There’s nothing wrong with being in an automobile, there’s nothing evil about that. Even man’s law, in their own court cases, admit that there’s nothing inherently evil about an automobile; it’s the guy behind the wheel. That’s where the evil comes from. Also, most people believe that “roads” belong to the government. They don’t. Just because the government paves over a way common to all does not make it theirs. After all, if the government comes to your home and paves your dirt driveway, does that now mean the driveway belongs to the government? Of course not. And their own laws confirm that the “roads” belong to the people, not the government.

The first thing to understand is that all codes, rules, and regulations that ‘govern’ the areas of transportation apply only to natural persons, residents, corporations, and other fictitious entities. They do not apply to the servants of Christ. Notice that the traffic laws of a State only apply to those who are residents or travelers within that State, and not to foreigners, transients, or sojourners:”The sovereign authority can extend only over those who are subject to it; it cannot, therefore, regulate the rights of foreigners. But if they come within its territory, either to reside or travel, they are considered as submitting themselves to the authority of the laws of the country, and they are bound by them. This is perfectly reasonable, for during their stay in the country they are protected by its laws.” 1 Bouvier’s Inst. of law (1851), page 38.

Notice that to ‘travel’ is synonymous with being a ‘resident.’

“Within the meaning of ‘a right to travel’, means migration with intent to settle and abide.” Strong v. Collatos, D.C. Mass., 450 F. Supp. 1356, 1360.

“Nom de guerre – a war name; an assumed traveling name; a pseudonym.” Webster’s New Twentieth Century Dictionary, Unabridged (World Publishing Company, 1969); Dictionary of Foreign Words and Phrases, page 1202.

‘Traveling’ and ‘driving’ are purely commercial terms. Therefore, you should use the term “exercising my duty of movement on the Common Ways”. As Scripture says, “I can do all things through Christ which strengtheneth me” (Philippians 4:13). Only in this way can you bring God’s Law and your ambassadorship into a potential situation with the military police. Also notice that a Nom de guerre, a fictitious name, is a ‘traveling name’, meaning you are a ‘resident,’ and under the jurisdiction of the State.

When you carry a license (which always has a fictitious name spelled in all capital letters on it), you are looked upon by these powers as one of theirs. It is evidence of your status, as a natural person, a resident, and not an ambassador and sojourner in Christ. The primary evidence of who and what you are is found in how you conduct yourself when confronted by the ‘road patrol’.

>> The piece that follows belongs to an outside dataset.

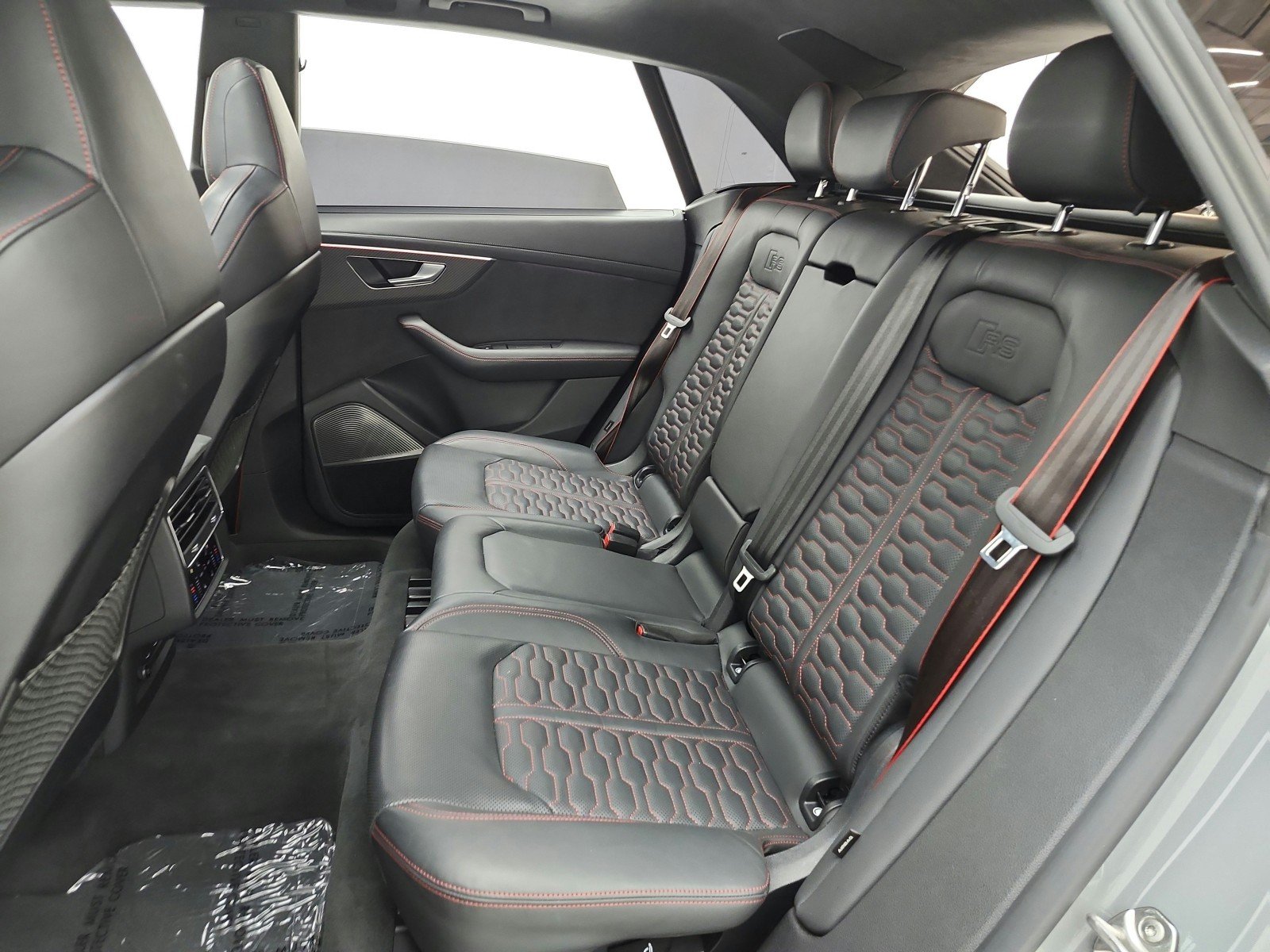 Used 2024 Nardo Gray Audi 4.0 TFSI quattro image 15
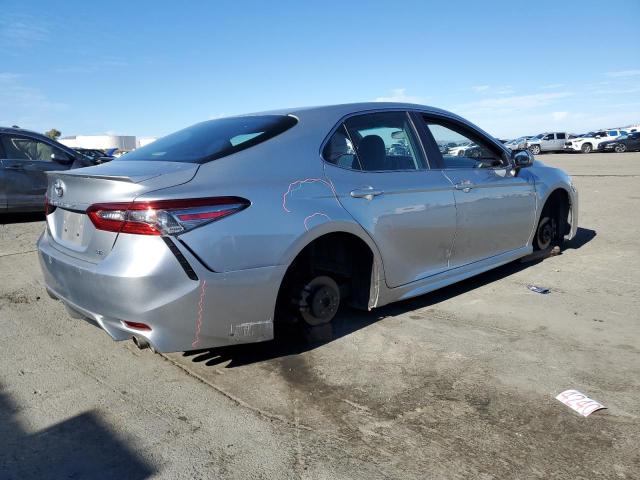 VIN 4T1B11HKXJU614173 2018 TOYOTA CAMRY no.3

The police have the ability to use their discretion. If they feel that you are speaking the truth as to who and what you are (Matthew 12:37, “For by thy words thou shalt be justified, and by thy words thou shalt be condemned.”) and are not a threat to the peace and safety of the public, they may respect those convictions and let you go. Or, they may take you to jail and impound your vessel, or they may not. It may appear to be a negative experience for one that decides to take this stand, but appearances can be deceptive. The important thing to remember is that it is for the Lord’s sake; therefore:Hebrews 13:5, “Let your conversation be without covetousness; and be content with such things as ye have: for he hath said, I will never leave thee, nor forsake thee.”